What is expected
Return only the lines running from the one that contains "PRADA – Leather" through the end of the entries, exactly, both ends included. Omit pictures.

[Scraped caption text data]
* * *

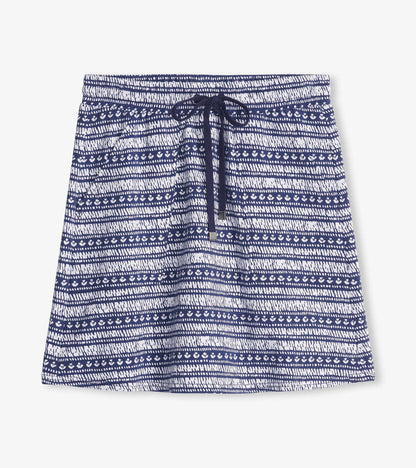 Christine Skirt - Blue Brush Stripes - Hatley Women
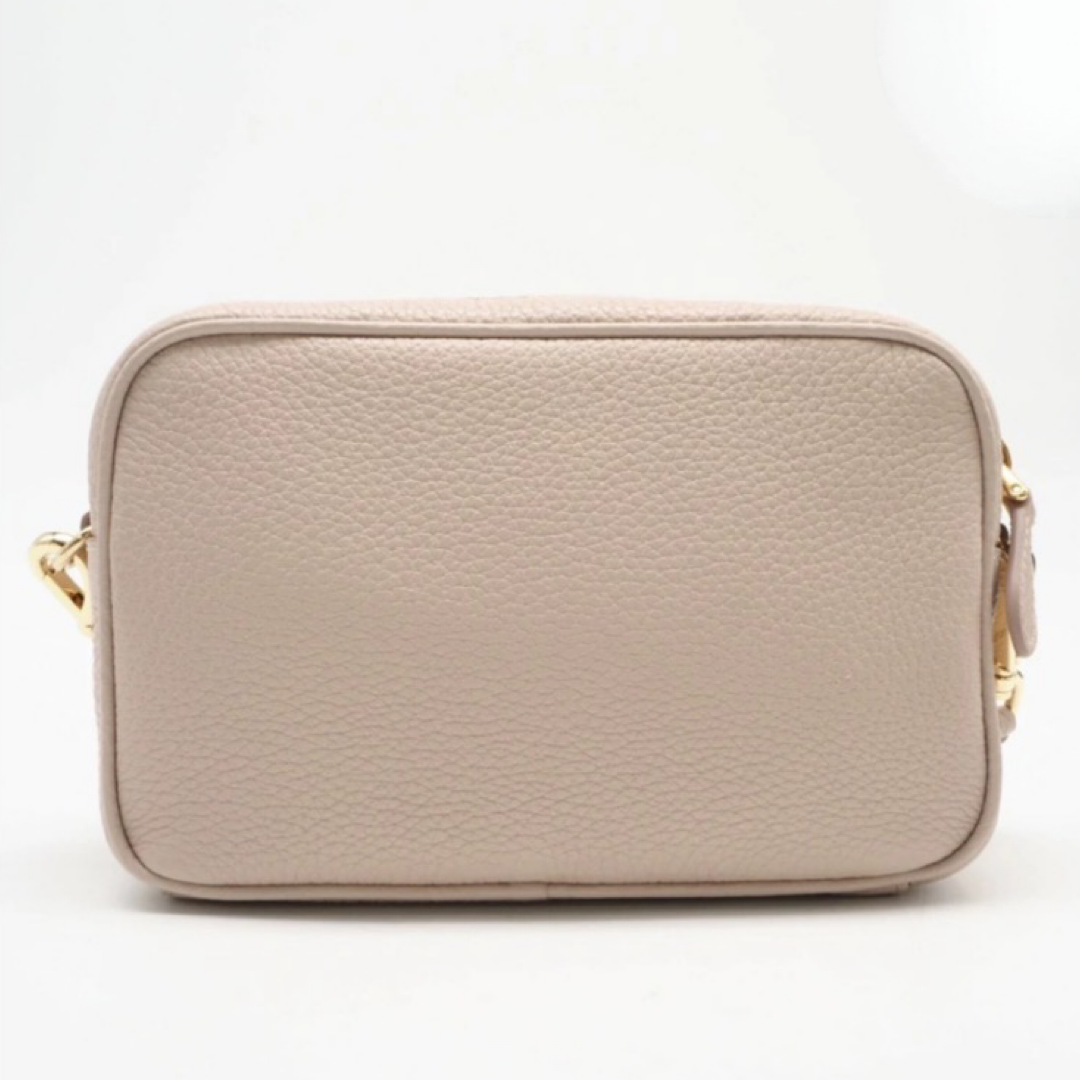 PRADA – Leather Mini Bag Crossbody – Pink Beige – RFID Chip – 100% Authentic Previously Owned
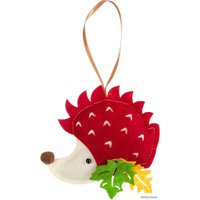 Набор для создания поделок/игрушек Bondibon Елочные игрушки из фетра своими руками. Ежик ВВ3086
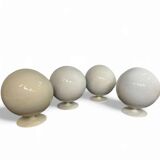 4 x chaise boule en fibre de verre années 1980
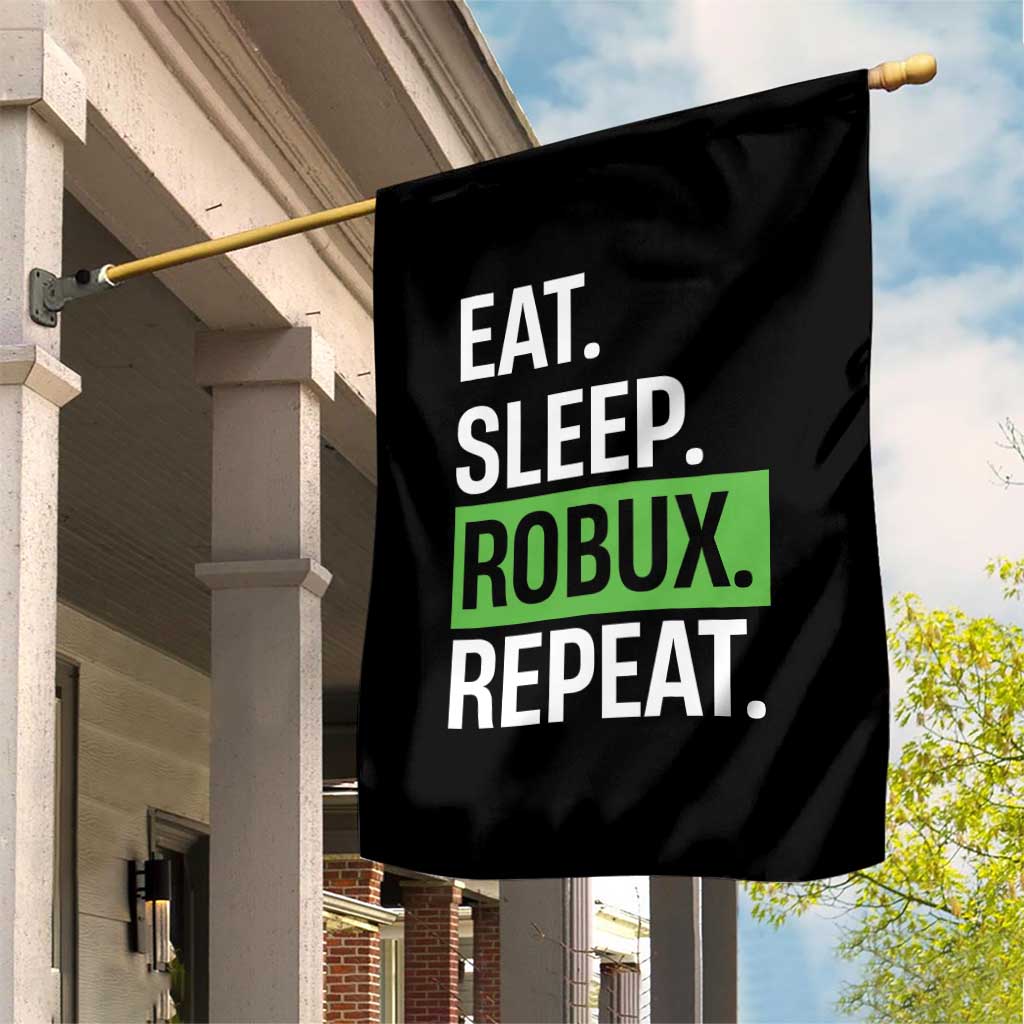 Eat Sleep Roblox Repeat Garden Flag Funny Video Game Lovers Gamers TS10 Print Your Wear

* * *

Result of this task
 PRADA – Leather Mini Bag Crossbody – Pink Beige – RFID Chip – 100% Authentic Previously Owned
 Набор для создания поделок/игрушек Bondibon Елочные игрушки из фетра своими руками. Ежик ВВ3086
 4 x chaise boule en fibre de verre années 1980
 Eat Sleep Roblox Repeat Garden Flag Funny Video Game Lovers Gamers TS10 Print Your Wear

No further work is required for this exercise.